→ Exercise directions:
The required output is the stretch from the line containing "2263 Warren Dr, Austell, GA 30106 - photo 1" through the line containing "Apparel Semiology 品牌設(shè)計圖0" in the records below, unaltered and with no pictures.

→ Available data:
---*---

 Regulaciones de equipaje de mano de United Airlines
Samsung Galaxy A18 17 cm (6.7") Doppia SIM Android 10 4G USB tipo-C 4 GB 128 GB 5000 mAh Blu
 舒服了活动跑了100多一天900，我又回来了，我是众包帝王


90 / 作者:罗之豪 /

---*---

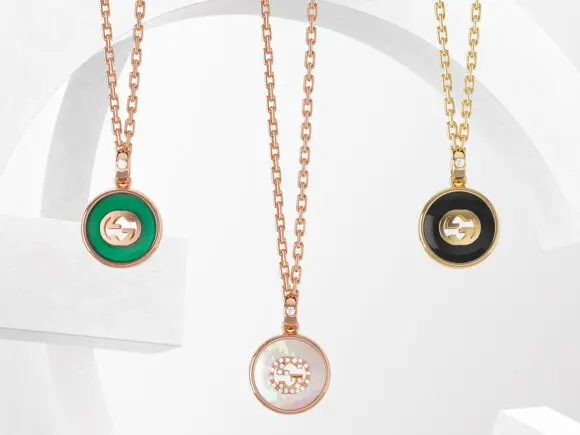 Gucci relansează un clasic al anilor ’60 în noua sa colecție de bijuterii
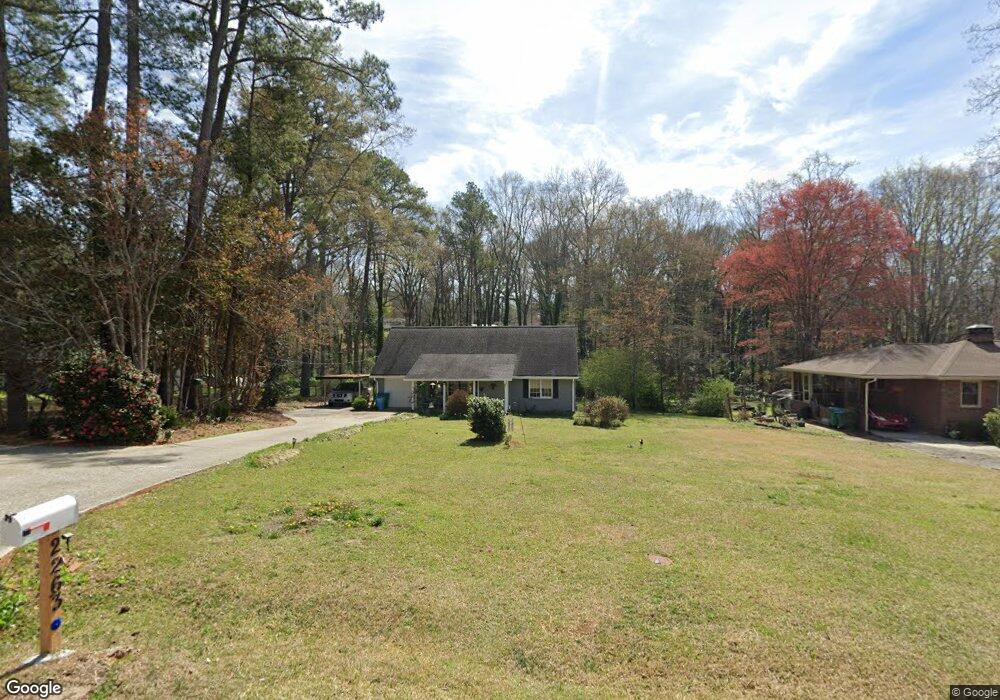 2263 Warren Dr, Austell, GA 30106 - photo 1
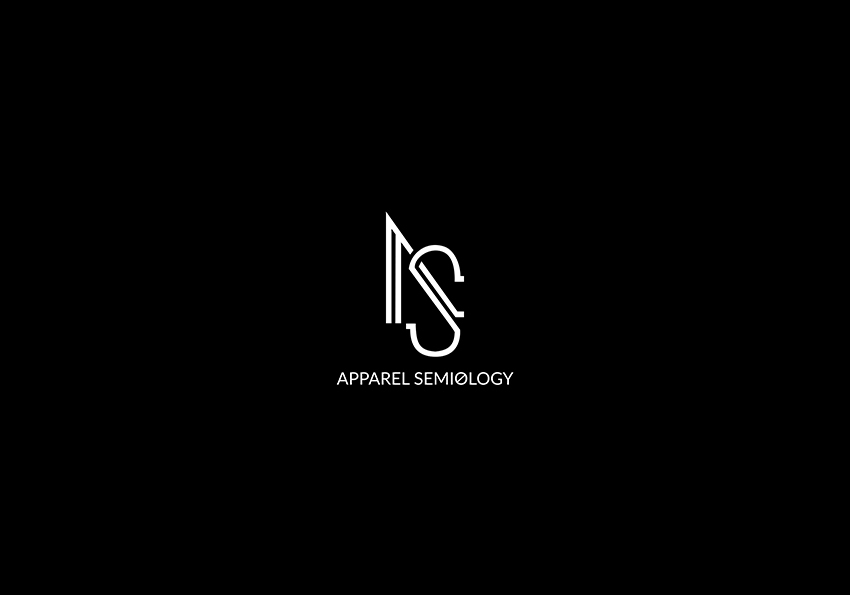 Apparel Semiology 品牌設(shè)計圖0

---*---

→ Result:
 2263 Warren Dr, Austell, GA 30106 - photo 1
 Apparel Semiology 品牌設(shè)計圖0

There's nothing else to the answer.